>>>>

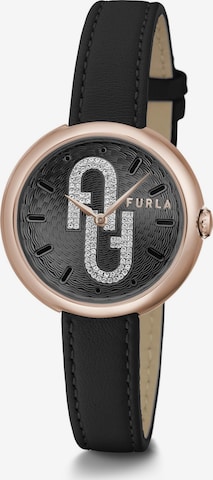 FURLA Analoog horloge 'Cosy' in Zwart: voorkant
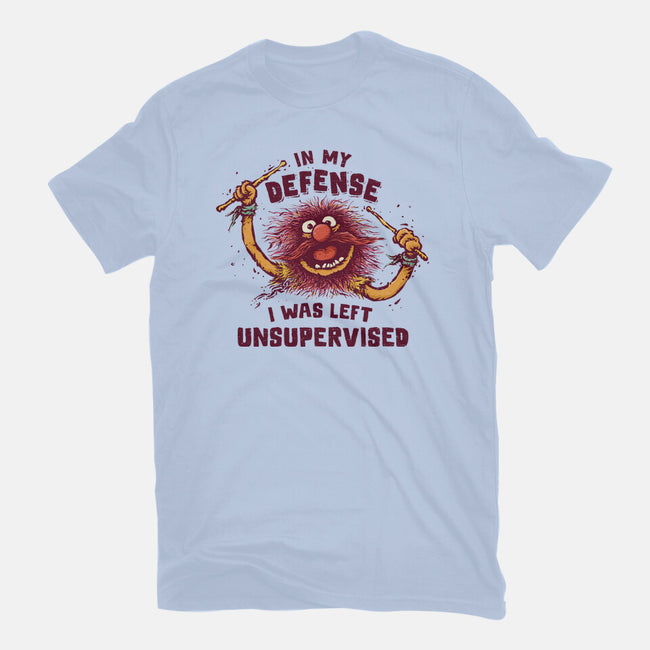 I Was Left Unsupervised-Womens-Fitted-Tee-kg07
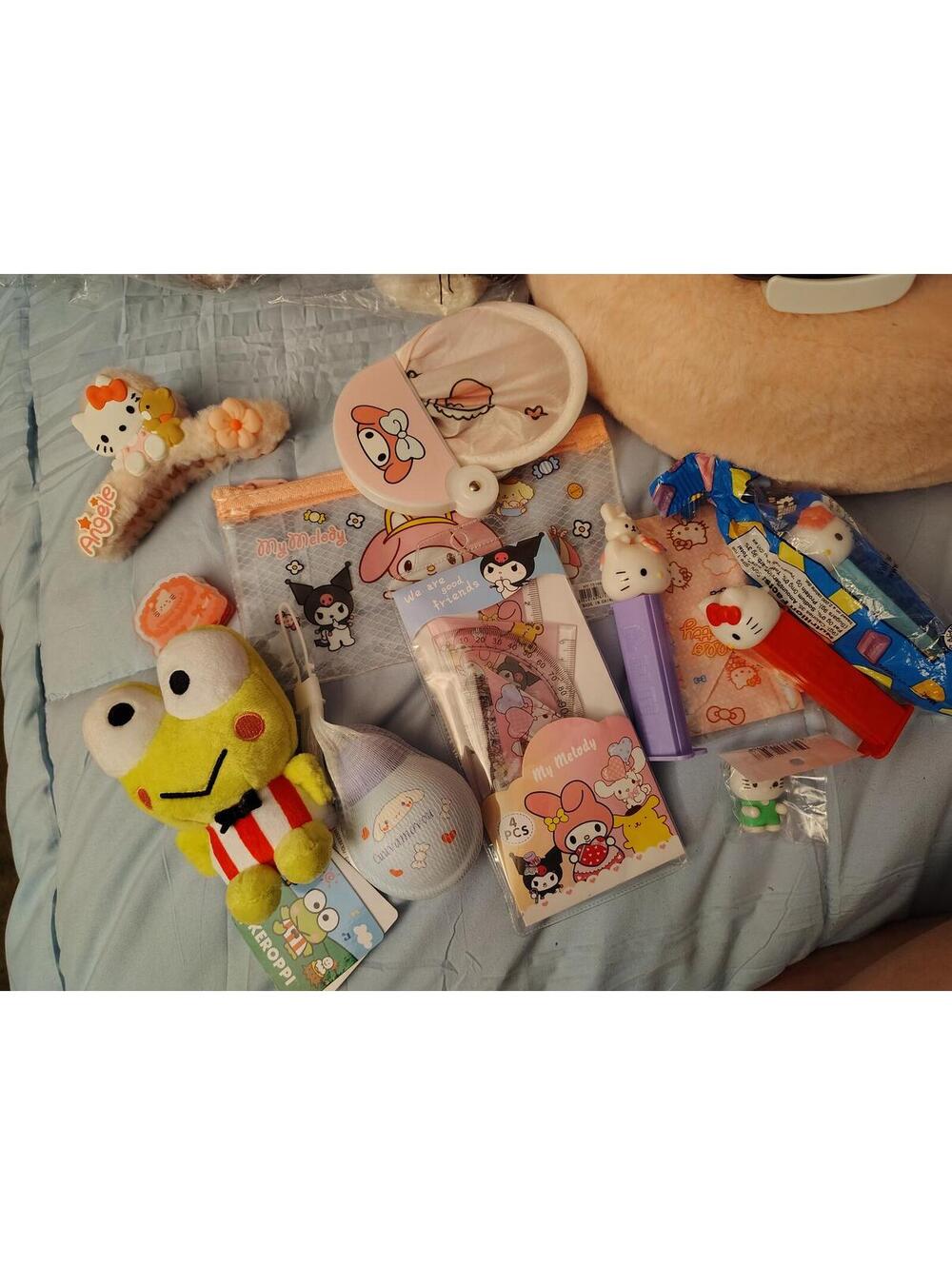 Sanrio Hello Kitty My Melody Keroppi Stationery & PEZ Bundle Lot 12+ Pieces
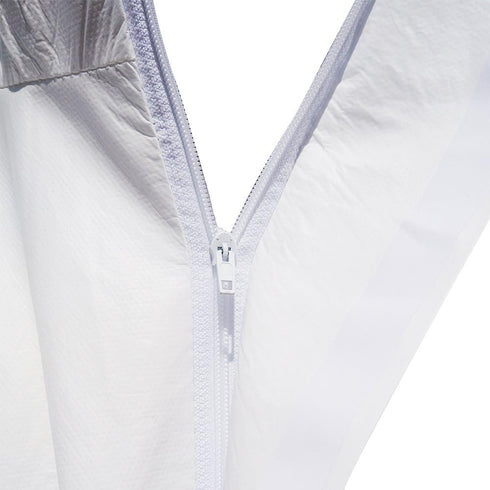 30203 Microporous Disposable Coveralls Protective Breathable Hooded Suit with Elastic Cuffs, Ankles and Waist,Zip Front Opening, Serged Seams for ...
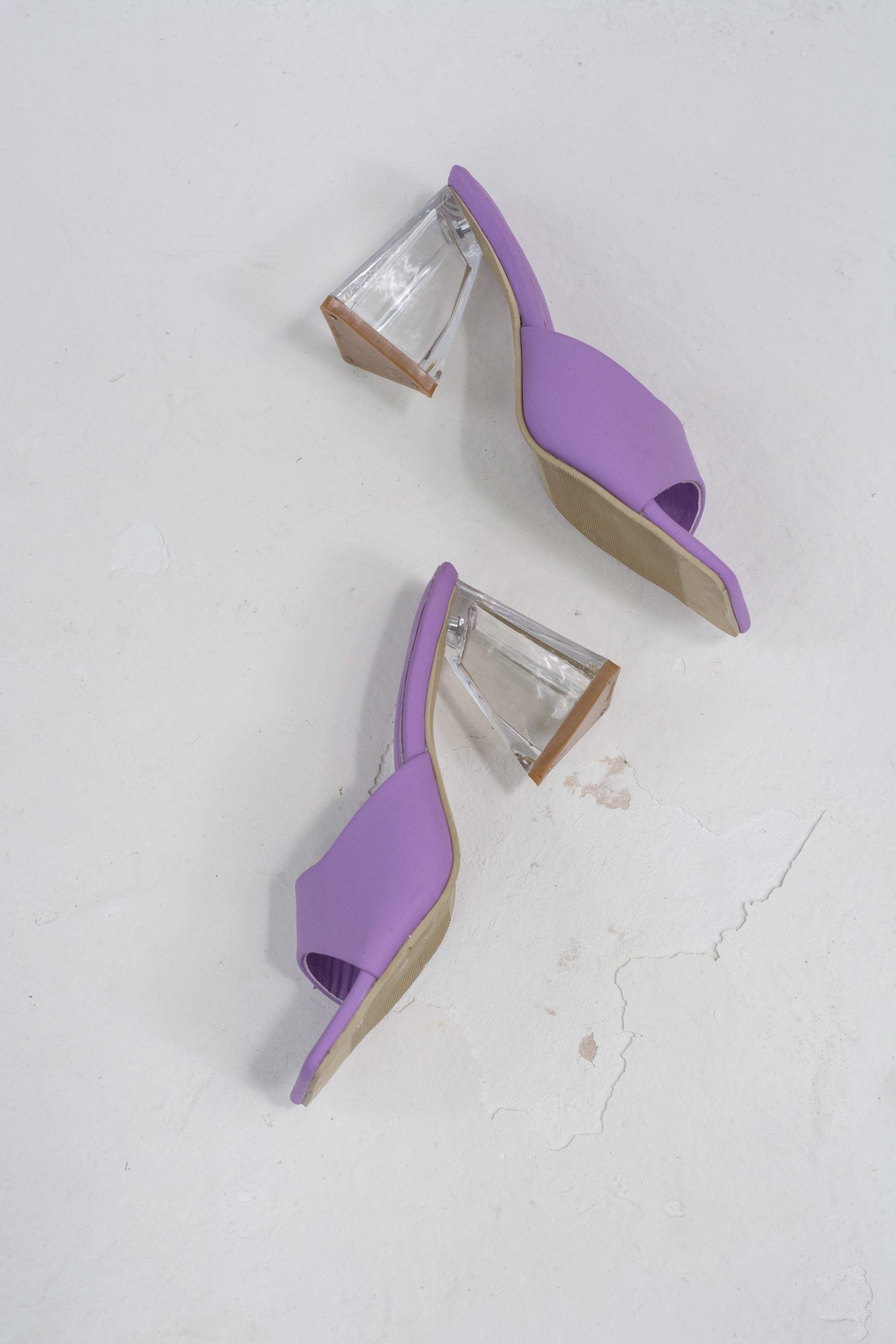 Laydeez Janet Triangle Mule Heels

<<<<

> **What the exercise asks**:
Only the text of the material belongs in your copy, which must match the original exactly.

> **Response area**:
 FURLA Analoog horloge 'Cosy' in Zwart: voorkant
 I Was Left Unsupervised-Womens-Fitted-Tee-kg07
 Sanrio Hello Kitty My Melody Keroppi Stationery & PEZ Bundle Lot 12+ Pieces
 30203 Microporous Disposable Coveralls Protective Breathable Hooded Suit with Elastic Cuffs, Ankles and Waist,Zip Front Opening, Serged Seams for ...
 Laydeez Janet Triangle Mule Heels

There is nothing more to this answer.